At minimum, split failures into these buckets:

wrong tool chosen;
correct tool, bad arguments;
correct tool and arguments, bad sequencing;
approval or permission failure;
good trace, weak synthesis or final answer;
infrastructure failure such as timeout or stale dependency.

This taxonomy matters because each bucket points to a different owner: prompting or policy, tool schema design, runtime reliability, or evaluation data quality.

What high-value eval sets look like

Strong eval sets for tool use usually include tasks with one clearly right tool choice, tasks with multiple plausible tools but one better path, tasks where the correct behavior is to refuse or escalate, tasks where tool output is noisy or incomplete, and tasks where retries should stop instead of continue.

If the eval set only covers happy-path calls, the team is measuring demo quality, not operating quality.

Next-step references

Agent evals for tool-using AI systems Use this page for the broader evaluation model around tool-connected agent systems.

Trace grading for tool-using agents Use this page when the team needs to inspect the full run instead of only the final answer.

Tool selection evals and failure taxonomy Use this page when the main problem is separating tool-choice mistakes from other agent failures.

Reader value check

This page should help a reader decide whether the eval, trace, scorecard, or monitoring signal is strong enough to support a release decision.

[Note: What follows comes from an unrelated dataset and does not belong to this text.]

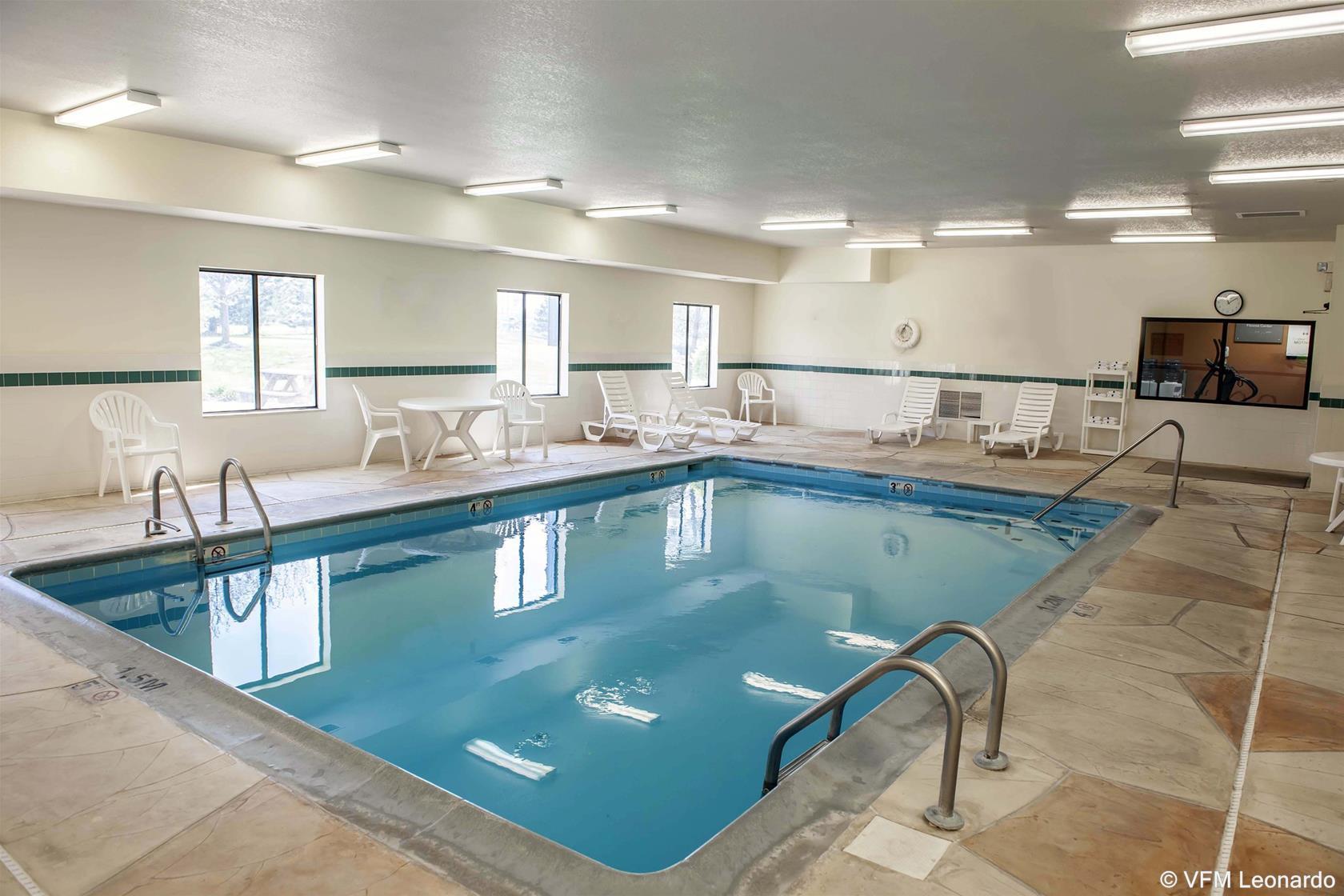 Comfort Suites West Indianapolis - Brownsburg Buitenkant foto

For Tool-call success rates and ground truth for agent evals, the page is not finished if it only explains vocabulary. It should change what the team approves, measures, routes, buys, logs, or refuses to automate.

Before applying the guidance, bring production traces, labeled failure examples, reviewer notes, and the exact workflow step being evaluated. Those inputs keep the decision anchored in real operating conditions instead of a generic best-practice list.

Check	What the reader should be able to answer
Signal quality	Can the team explain what behavior the signal proves, and what it does not prove?
Release use	Does the page help decide whether to ship, hold, roll back, or collect more evidence?
Failure learning	Does each miss become a reusable eval case instead of a one-off complaint?
Owner	Is there a named person or team responsible for maintaining the scorecard or review loop?

Use the page as a working review artifact: compare the current workflow against the table, mark the missing evidence, and assign an owner for the next change. If the page exposes a gap but no one owns that gap, the correct next step is not broader rollout; it is a smaller pilot, a clearer gate, or a better measurement loop.

For EvalOps pages, the useful outcome is a sharper release conversation. A reader should leave knowing which evidence belongs in the gate, which evidence belongs in incident review, and which metric is too vague to trust.